As a Democratic administration once again reorients itself in the wake of twelve years of Republican rule, the life and ideas of John Kenneth Galbraith take on renewed importance. Gaibraith is not just another "progressive" economist. His major works, American Capitalism (1952), The Affluent Society (1958), The New Industrial State (1967), and Economics and the Public Purpose (1972) contain the foundations of an enlightened economic tradition. Call it progressive, liberal, or socialist--the viewpoint that emerges from these 1,293 pages offers both a theoretical justification for enlightened government intervention and a blueprint for action.
The importance of a theoretical rationale to justify public policy should not be underestimated. Adam Smith continues to stand as a symbol for almost any policy in which the government is asked to do nothing. He is regularly cited by the opponents of affirmative action, import quotas, minimum wage, union recognition, Social Security, Medicare and Medicaid, government training, farm supports, and welfare. The fact of his death (more than two hundred years ago) has done little to dissipate the enthusiasm of his followers. Some of the most zealous have even been known to wear Adam Smith neckties.
While no one can expect Bill Clinton to distribute Galbraith neckties to his new appointees, a copy of Economics and the Public Purpose would be of far greater practical value. The progressive program described in this book is essential to deal with the backlog of social problems inherited from the past twelve years of essentially disengaged administrations. Not only has the concept of progressive public policy atrophied from years of neglect, it has been jolted by the implosion of the planned economies, and further diluted by an infiltration of conservative ideas. Galbraith's work provides a model of analysis that could prove useful, if not essential, for resuscitating a progressive agenda.
Market heresy
The influence enjoyed by opponents of enlightened public policy clearly peaked during the 1980s with the ascendance of monetarism, supply-side economics, and Reaganomics. But the popularity of this view has always been strong in policy circles, and has provided Galbraith with a consistent target over the years. And, like Galileo, whose work made him a heretic in the eyes of the church, Galbraith has, on many occasions, found himself in violation of accepted doctrine. He confessed in his autobiography that "One of my greatest pleasures in writing has come from the thought that perhaps my work might annoy someone of comfortably pretentious position." His assault on those wearing the Adam Smith neck-tie-advocates of laissez-faire and neoclassical economics-must have provided a particularly rich source of enjoyment.

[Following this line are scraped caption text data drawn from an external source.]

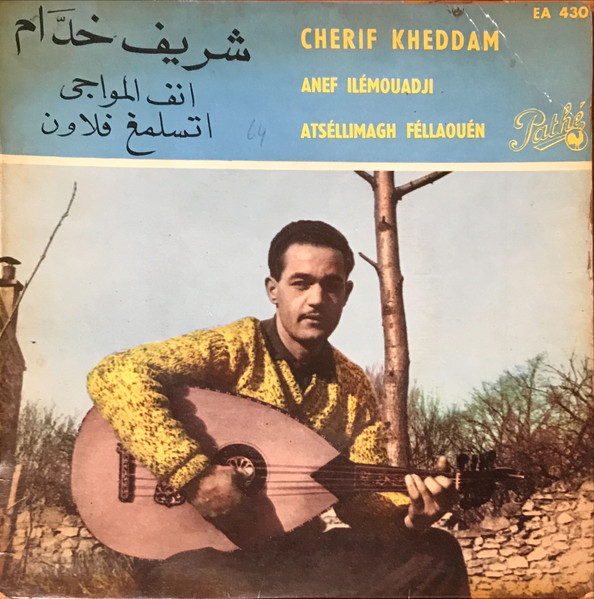 Cherif Kheddam - Anef Ilémouadji / Atséllimagh Féllaouén | Pathé (EA 430) - main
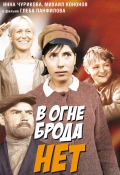 Фильмография Майя Булгакова - лучший фильм В огне брода нет.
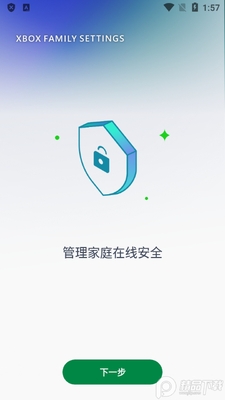 Xbox家长控制软件(Xbox Family Settings)截图3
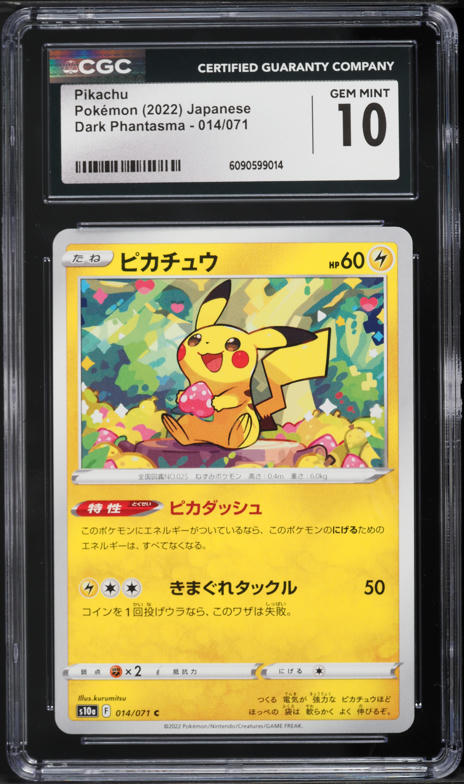 2022 Pokemon Japanese SWSH Dark Phantasma CHR Pikachu #73 PSA 10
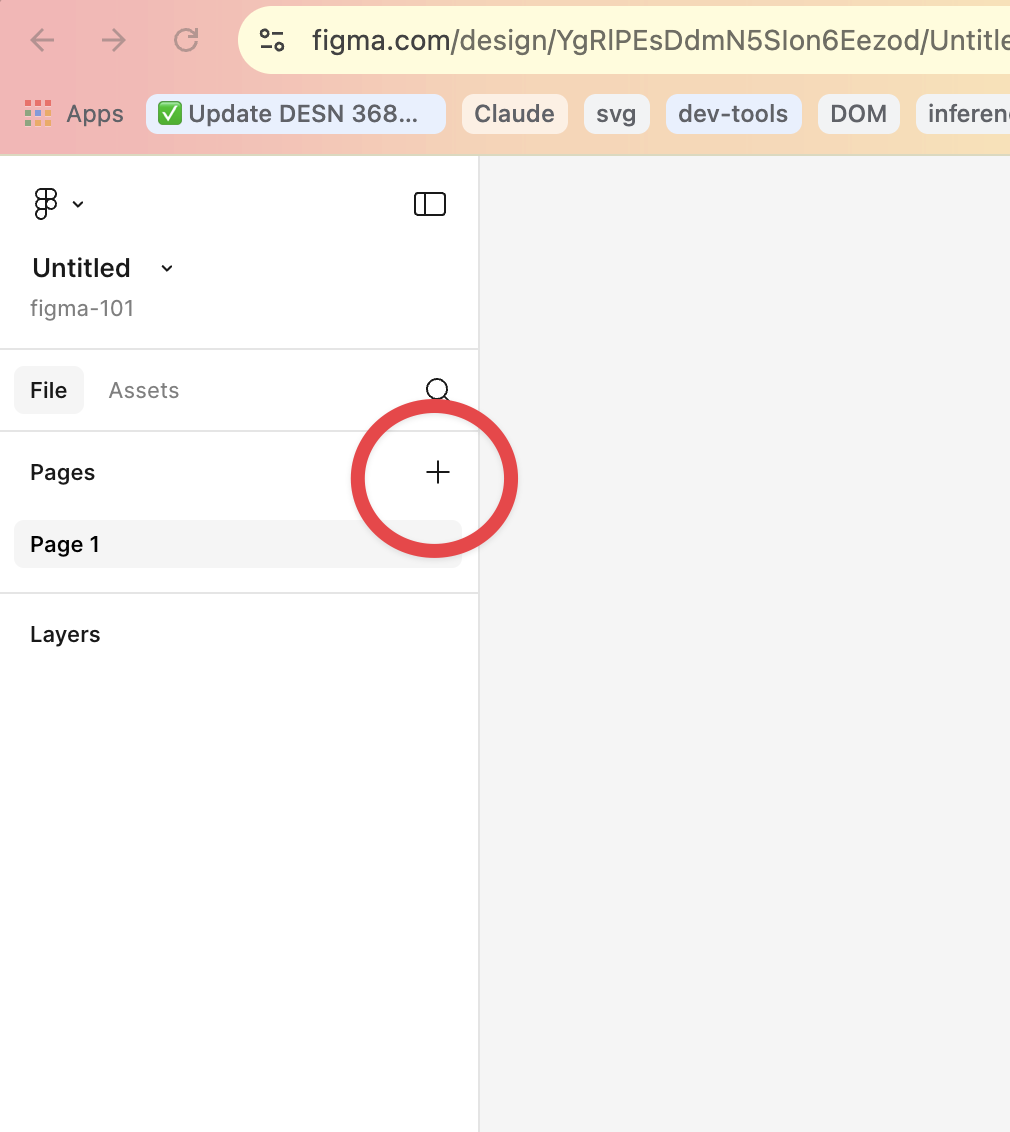 Figma left panel showing the Pages section with a + button highlighted in red to add a new page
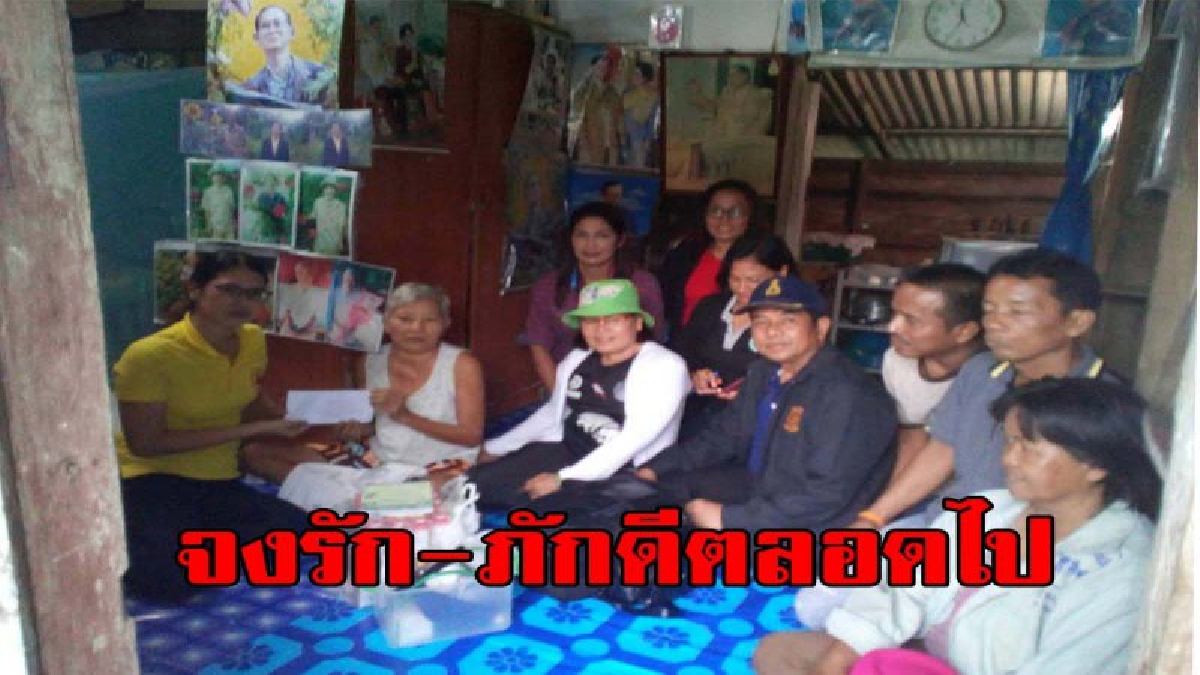 ขอจงรักและภักดีตลอดไป!!สาวใหญ่โรครุมเร้าถึงระยะสุดท้ายของชีวิต นายอำเภอนำทีมซื้อนมเยี่ยมบ้านถึงกับตะลึงรูปในหลวง ร.9 ติดเต็มบ้าน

A principal belief of the opponents of public policy concerns the alleged superiority (if not perfection) of the unimpeded market. While many economists (even liberals) are quick to concede this point, Galbraith does not. The problems with competitive markets are fundamental--they are technologically backward. Preoccupied with ensuring their own survival, the typical farmer, the bituminous coal company, and the shoe manufacturer have little interest in devoting huge sums of money to risky endeavors with possible payoffs that are put off many years into the future. Hence, those industries that come closest to meeting the conditions of perfect competition also conduct the least amount of research. Even in agriculture, technological deficiency has been avoided only by the concerted efforts of government and large suppliers.
One of the oldest arguments in defense of markets rests on the belief that markets have an unrivaled capacity for meeting consumer needs and desires. Unlike producers in centrally planned economies, their counterparts in free markets are merely the servants of consumers who remain masters of their own demand. A comforting image, says Galbraith, but not one with much relevance. It is no secret that large firms dedicate substantial funds to advertising and related selling efforts. Firms are in the business of shaping the very demands they are supposed to meet. The obvious conclusion is that actual production is some combination of what individuals desire, and of what firms want to produce.

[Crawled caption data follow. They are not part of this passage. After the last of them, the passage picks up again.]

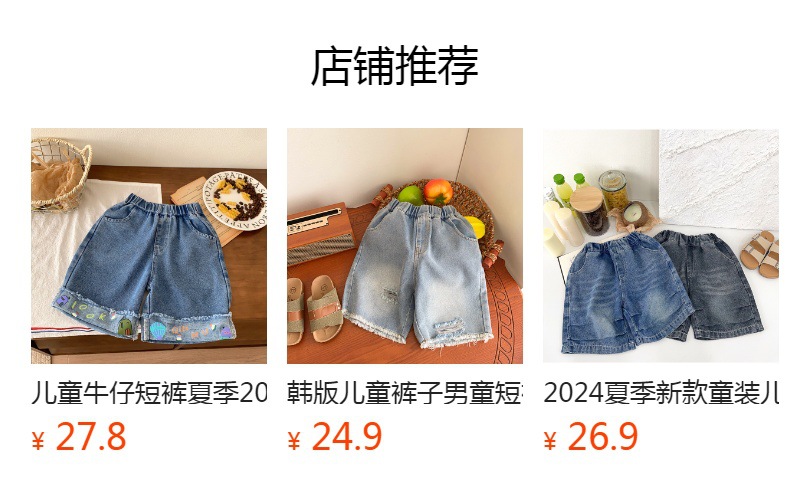 男童花衬衫短袖2024夏季新款儿童宝宝洋气翻领衬衣小童男孩潮上衣详情4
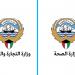 «الصحة» تدشن خدمة الربط الإلكتروني مع «التجارة» لتجديد وترخيص أنشطة الصحة العامة - هرم مصر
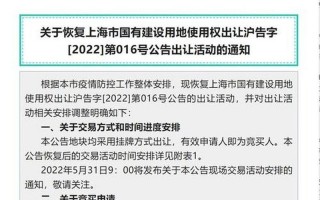 出入上海最新规定今天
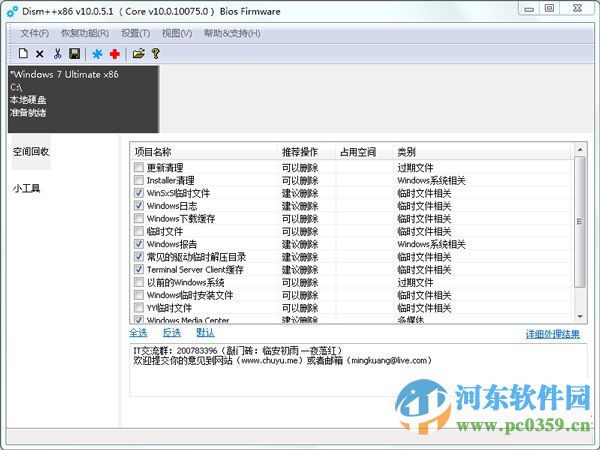 winsxs可以刪除嗎？windows7系統下的winsxs是什么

Among the various strategies devoted to marketing, one must include most research and development devoted to new products. The idea that firms engineer socially useful products is a comforting notion that appeals to industrial engineers and business economists, but the reality is that firms design new products because they are salable. Galbraith asserts that even a comparatively useless product can be salable when its demand responds well to advertising campaigns that promise "greater sexual opportunity, less obesity, or some significant escape from the crypto-servant role of the housewife." Product development and market research are seldom very distant from each other in the corporate organization chart.

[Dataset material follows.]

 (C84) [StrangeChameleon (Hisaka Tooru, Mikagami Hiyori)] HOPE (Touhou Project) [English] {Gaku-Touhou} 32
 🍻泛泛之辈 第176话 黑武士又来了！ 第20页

While these simple observations take much of the luster off the argument that maintains the perfection of free markets, Galbraith proceeds one step further. If many of the goods currently produced could not be sold without advertising, then how important are these goods? The possibility that some portion of private production is superfluous raises serious doubts about its virtue. We are led to the unavoidable conclusion that private businesses are just as capable of providing unnecessary goods and services as the commonly maligned government sector.
In addition, market defenders insist on painting a picture of firms as if they had no power over the government, consumers, or even their own prices. Once again, according to Galbraith, the image scores higher for the comfort it affords the powerful than for its relevance. Many large firms not only influence consumers and the state, they also exercise considerable discretion over the prices they set. While liberals can applaud this position, both because of its obvious wisdom and the discomfort it inflicts on the conservatives, they may find themselves in less than full agreement with the remainder of Galbraith's argument.
The problem with power, according to Galbraith, is not that firms produce too little (as suggested by conventional monopoly theory), but that they produce too much. The result is that resources are not underutilized by large firms who make up the planning structure, but are overused. This is a heresy of Galbraithian proportions----one that demands a proper explanation. While the planning sector may lose some sales by charging a higher price, the loss is more than offset by the additional sales arising from massive expenditures on advertising and research and development. Where the conventional monopoly model implies that the U.S. auto industry of the 1960s was underproducing. the reality, in this view, was just the opposite. At the time, more resources were devoted to the manufacture of automobiles than could be justified reasonably. The result was more cars and their complements--roads, parking lots, gas stations, pollution, and highway deaths--than would have existed in a more competitive and less profitable market that did not have the resources to put out a new model every year and advertise it on all the major networks.
Incentives
For those opposed to government intervention, a special place is reserved for the role of market incentives. Supply-side economics of the 1980s was based largely on the belief that taxes sullied these pure incentives and resulted in a stark reduction of productive activity. But this notion has been around for a long time, or at least since 1956. In that year, an address to the National Association of Manufacturers claimed that the prevailing tax structure "destroys the incentive of people to work . . . . It makes it increasingly difficult, if not impossible, for people to save."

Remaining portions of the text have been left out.